Ich weiß leider nicht wirklich, was Du wissen möchtest, versuche es aber trotzdem. Deine Frau hat einen Arbeitsplatz, dafür sollte sie dankbar sein, denn viele Menschen wünschen sich einen. Nun möchte sie aufhören zu arbeiten. Dann muss sie regulär kündigen und die 3 Monate Sperre in Kauf nehmen. Die Gesetze sagen nämlich, wer leichtfertig seinen Job aufgibt, der bekommt eine Sperre.

während der elternzeit ist kündigung durch den arbeitgeber nich zulässig.
ist die elternzeit beendet kann er die arbeitskraft kündigen.

Jedenfalls muß der Chef nicht kündigen. (Inwieweit er es nicht kann, hängt von weiteren Faktoren ab.)
Die dreimonatige Sperre kann man möglicherweise vermeiden, indem man sich mit dem Arbeitsamt darüber unterhält, inwieweit die Fortsetzung des Arbeitsverhältnisses angesichts der Umstände zumutbar ist.

Richtig ist das ihr "alter" Chef ihr nicht kündigen wird, weil er ihr dann eine Abfindung zahlen müsste. Sie muss also in jedem Fall selber kündigen. Ihr seit aber doch nicht aus Langeweile umgezogen wenn es dafür gute Gründe gegeben hat sollte eine Sperre sehr kleinlich sein und man dagegen Widerspruch einlegen. Es sollte doch eigentlich auf der Hand liegen dass diese Entfernung nicht mehr ein normaler Arbeitsweg für eine Mutter ist.

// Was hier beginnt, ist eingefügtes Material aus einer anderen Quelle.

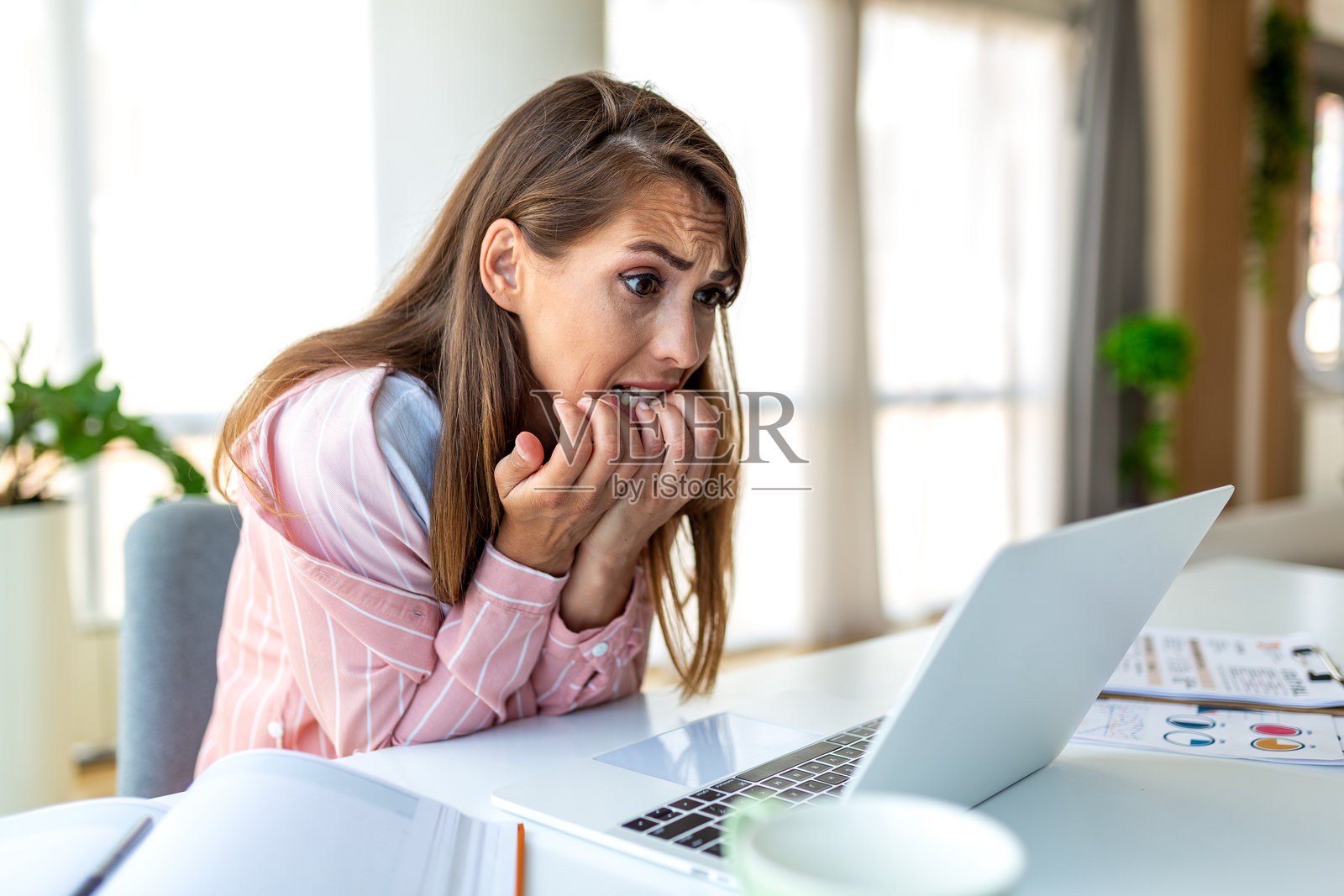 焦虑和工作压力，年轻女子咬指甲，有心理健康问题的人，医疗保健和医学概念。一位迷人的女子坐在办公桌前，看着笔记本电脑，表情惊恐。照片摄影图片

Der Chef Deiner Frau müsste gute Gründe haben, um sie jetzt zu kündigen. Da er diese von seiner Warte aus nicht hat, handelter richtig. ES gibt kein Gesetz, was ihn zwingen könnte sie zu kündigen. Das wäre ja auch reichlich unsinnig. Deine FRau sollte kündigen und sich schnell einen neuen Job suchen. Intelligent wäre es gewesen schon gesucht zu haben.
gar nicht
Die Sache ist doch: wenn Ihr von A nach B zieht und damit klar ist, dass sie die Arbeit in A nicht mehr aufnehmen wird, hat sie sozusagen gekündigt. Will sie nicht gekündigt haben, muss sie ihre Arbeit in A wieder aufnehmen - wenn ihr Chef das ermöglicht ...
Das Arbeitsamt handelt also richtig. Ihr hättet entweder nicht umziehen dürfen in dieser Situation oder vorher regeln müssen, was aus der Arbeitsstelle wird.
Die einzige Möglichkeit, die Ihr habt: Deine Frau/Freundin erklärt ihrem Chef, dass sie die Arbeit wieder antritt.
Hat er eine Arbeit für sie, müsst Ihr da durch. Evtl. muss sie täglich fahren oder eben ein viertel Jahr auf staatlichen Zuschuss verzichten ...
Es gibt keinen anderen Weg.

Ist die Freundin Vollzeit vermittelbar (= ist für das Kind nachweisbar jemand zur Betreuung vorhanden)? Das wäre nämlich, wenn man eine Sperre wegargumentiert bekommt, das 2. evtl. Problem beim Anspruch auf alg.